*Material for the task*

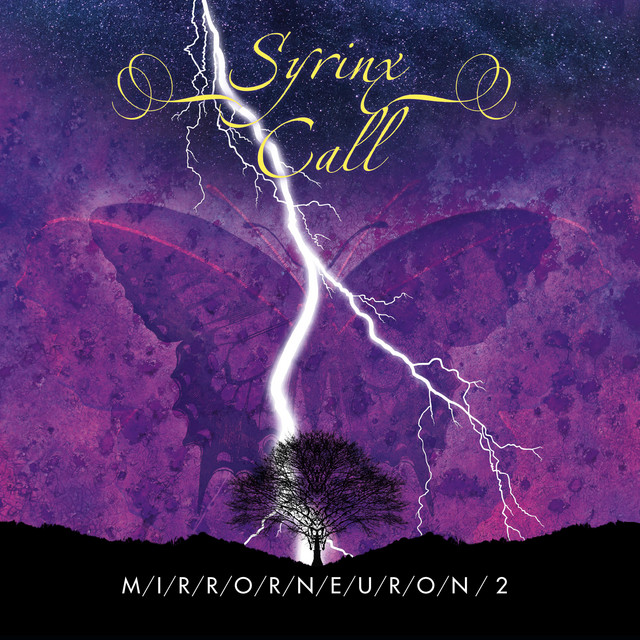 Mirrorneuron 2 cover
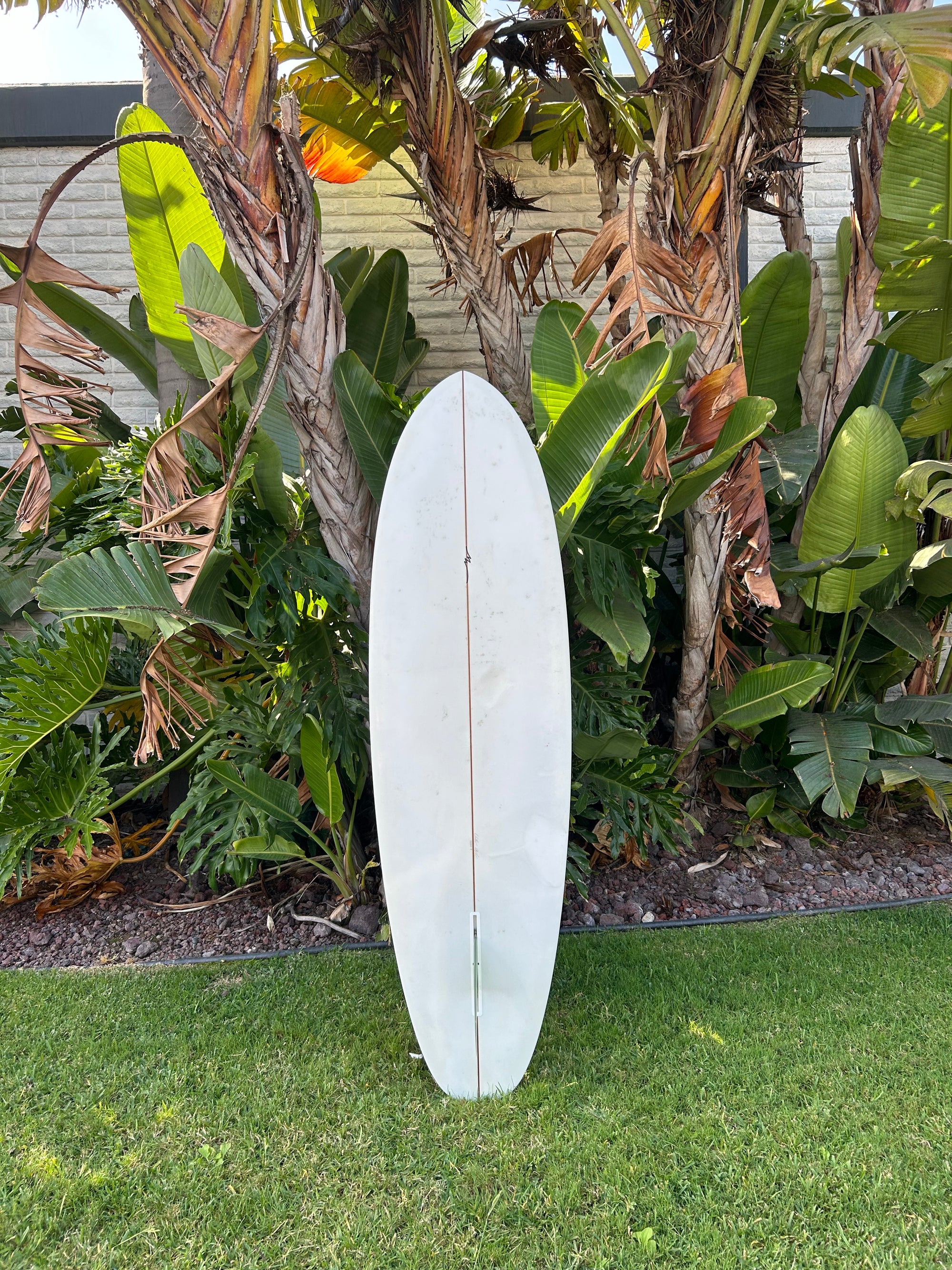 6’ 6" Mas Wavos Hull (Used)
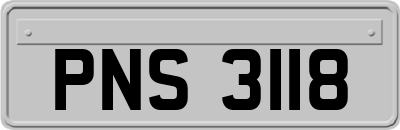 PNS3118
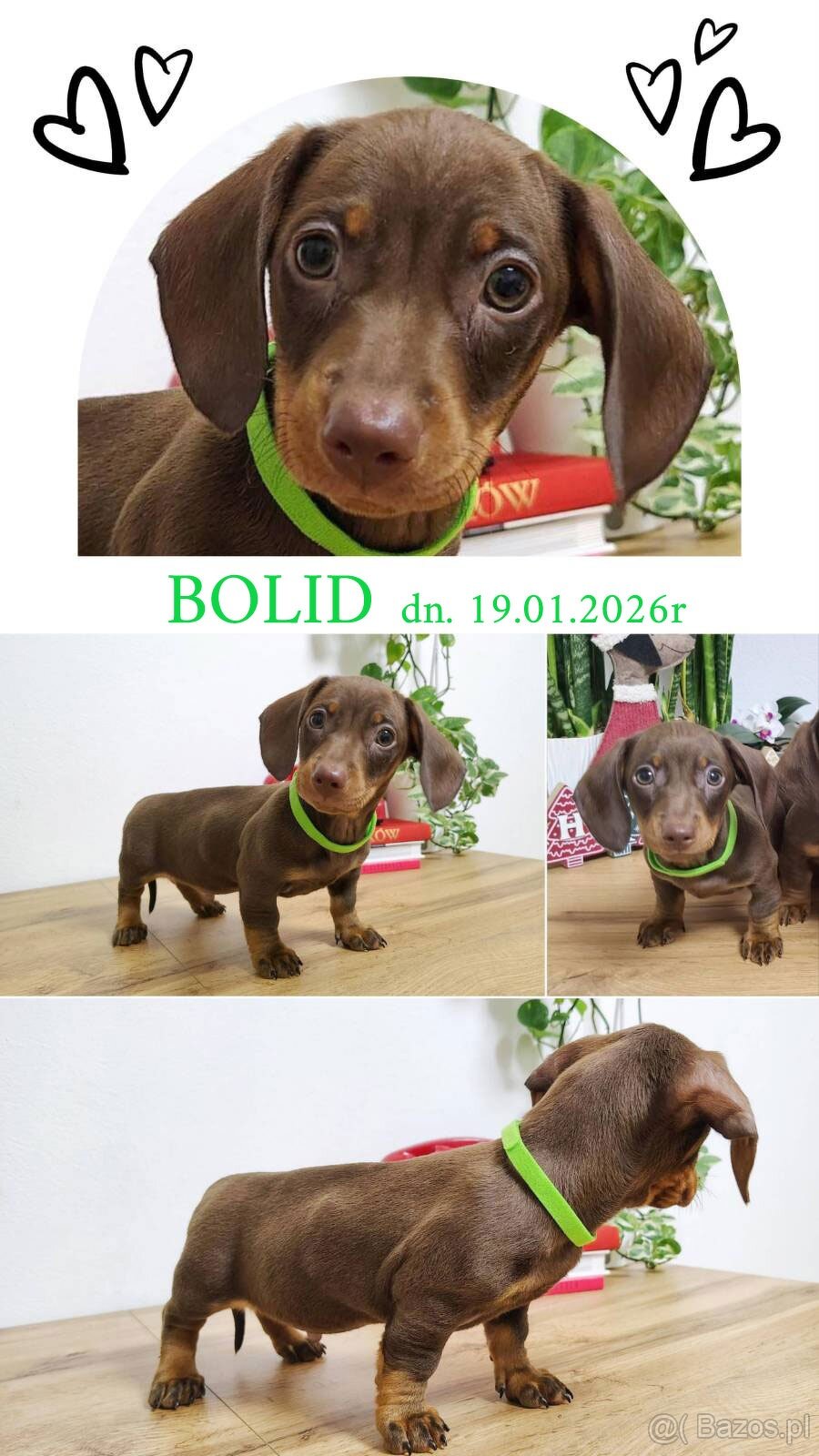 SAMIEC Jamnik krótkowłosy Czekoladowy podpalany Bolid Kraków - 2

==

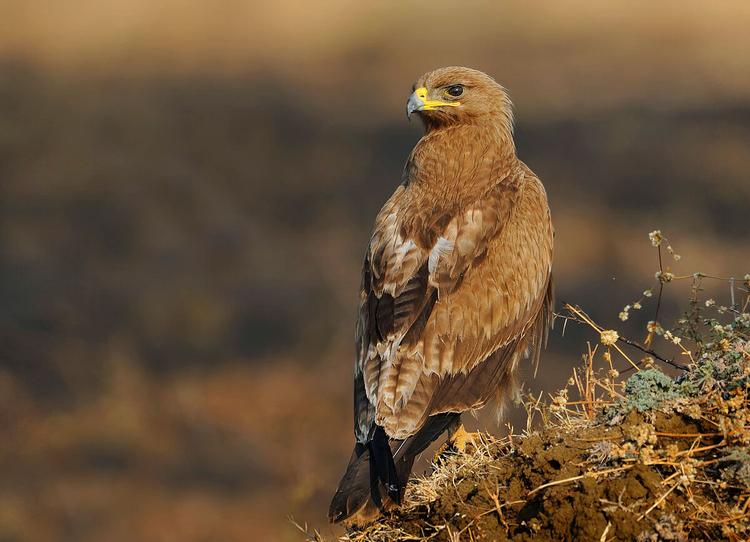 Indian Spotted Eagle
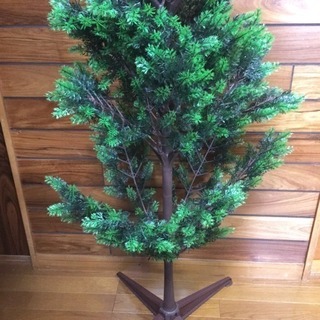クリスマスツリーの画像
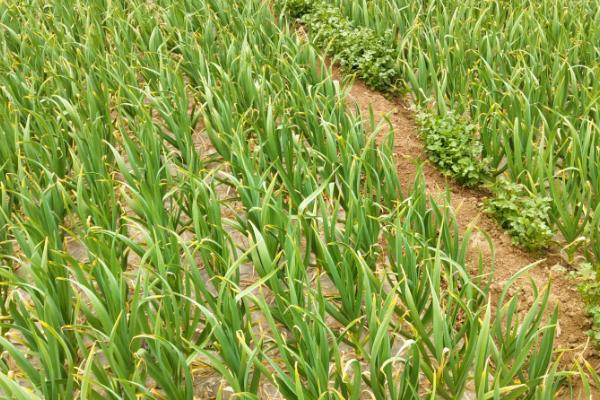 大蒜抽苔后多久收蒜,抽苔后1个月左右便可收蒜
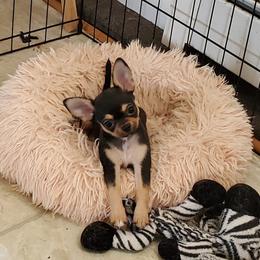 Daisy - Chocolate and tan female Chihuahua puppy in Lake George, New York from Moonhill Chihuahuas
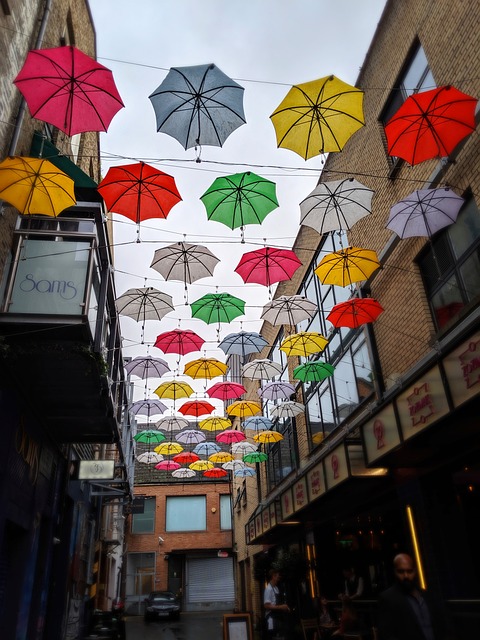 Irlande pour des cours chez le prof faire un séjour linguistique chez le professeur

*What to work on*
The copy should hold only the lines from the one with "Mirrorneuron 2 cover" through the one with "SAMIEC Jamnik krótkowłosy", exactly as they stand above. Leave out the pictures.

*Answer box*
 Mirrorneuron 2 cover
 6’ 6" Mas Wavos Hull (Used)
 PNS3118
 SAMIEC Jamnik krótkowłosy Czekoladowy podpalany Bolid Kraków - 2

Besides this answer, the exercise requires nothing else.